Craig's been fighting infinite loops in this area, so let's see if he has any comments on the safety constraints.

Any suggestions on finding these? I've run the testsuite and a bootstrap, I presume that wouldn't catch much?

lib/Transforms/InstCombine/InstCombineInternal.h
181–183 ↗(On Diff #165778)

The LHS->hasNUsesOrMore(3) isn't _meant_ as a hack. Unless you mean it's ugly? It should have 2 uses from the min/max, so 3+ means we wouldn't invert all uses.

The motivating case here (umin3_not_all_ops_extra_uses_invert_subs) is something like min(min(not(a), not(b)), not(c)), but with subs in there too. So there's two min's, one we are folding from, and other we are checking is freely invertible. That's what this is trying to catch.

I was reluctant to make IsFreeToInvert recursive, but that would make it more powerful and remove the need for just checking m_Not's here.

dmgreen updated this revision to Diff 166946.Sep 25 2018, 10:40 AM

Added a comment and correct spelling

spatel added inline comments.Sep 25 2018, 10:51 AM
lib/Transforms/InstCombine/InstCombineInternal.h
181–183 ↗(On Diff #165778)

Yeah - the hack comment was really about the ugliness, and the root cause of that is not having intrinsics for integer min/max...but it'd still be easier reading if we had hasNUsesOrLess()?

spatel accepted this revision.Sep 28 2018, 7:12 AM

Craig's been fighting infinite loops in this area, so let's see if he has any comments on the safety constraints.

Any suggestions on finding these? I've run the testsuite and a bootstrap, I presume that wouldn't catch much?

That's a good first try, but the earlier cases escaped to the wild...though not for long. :)
We end up being able to reduce the problems to relatively short IR tests which seem obvious in hindsight, but I don't know how to spot them in advance any better than what we've done.
I don't have any other feedback, so LGTM.

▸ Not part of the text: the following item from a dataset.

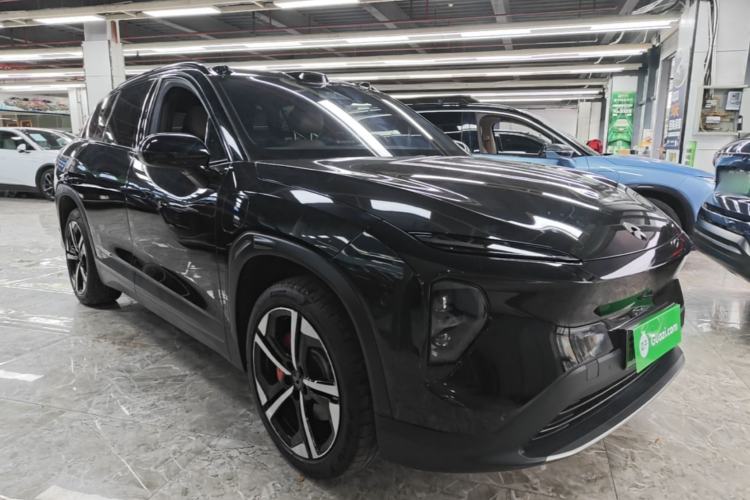 Used Nio ES7 2022 100kWh First Edition Front Right 45 Deg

This revision is now accepted and ready to land.Sep 28 2018, 7:12 AM
dmgreen added a comment.EditedOct 2 2018, 2:49 AM

Thanks

Let me know if you see anything funny from this patch.

This revision was automatically updated to reflect the committed changes.

I'm seeing a regression on goldmont and silvermont cpus in an rgb cmyk conversion benchmark in 32-bit mode. What I've observed is that the 3 subtracts in the code all now have the same LHS register. X86 destroys the LHS of a subtract instruction so we have to make copies before the subtracts. We're in 32-bit mode so our 8-bit register choices are %al, %bl, %cl, %dl, %ah, %bh, %ch, %dh. Silvermont and Goldmont have bad partial register handling for writing high and low 8-bit registers. Unlike Sandy Bridge, Haswell, Skylake, the high and low registers aren't renamed independently. I tried playing around with promoting everything to 32-bits to avoid the partial registers, but that was actually worse somehow.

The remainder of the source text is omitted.